Die LINKE müsste ihre gesamte Wahlstrategie verändern, um diese Menschen
zu erreichen. Statt eines Wahlkampfs mit abstrakten Rezepten, statt einer Kampagne, die nur den Wettbewerb mit und innerhalb des Politikestablishments sucht,
wäre ein Wahlkampf nötig, der sich zu einer politischen Subjektivität bekennt. Eine Kampagne mit den Betroffenen, in ihren Milieus und
einem Motto, das mit „Jetzt wählen wir uns selber” noch am besten beschrieben wird. Dabei darf weder eine deutliche Kritik an der
Hilflosigkeit des Parlamentarismus — gerade auf kommunaler Ebene — fehlen, noch nützt es, einen personalisierten oder gar
Promiwahlkampf zu führen.
OB-Wahlen sind naturgemäß „personalisiert”, aber das
Ergebnis von Düsseldorf zeigt, dass die LINKE sich dem bewusst entziehen muss. Im Mittelpunkt darf nicht der Kandidat oder die Kandidatin stehen,
sondern unsere neue, soziale und politische Idee.

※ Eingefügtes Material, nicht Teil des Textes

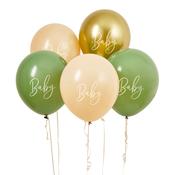 Sage Nude &amp; Gold 'Baby' 12" Latex Balloons - Pack of 5 image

Die LINKE wird mit einer neuen politischen Herangehensweise, mit mehr Entschlossenheit, eben mit einer
anderen Politik in Verbindung gebracht. Je mehr diese Erwartung im Wahlkampf enttäuscht wird, desto mehr Wahlenthaltung richtet sich auch gegen die
LINKE. So bleibt als Trost der Düsseldorfer Wahlen, dass die 5000 Stimmen ziemlich sicher bewusste Stimmen für diese neue Linke, für die
neue soziale Idee waren. Und das ist doch gar nicht so schlecht.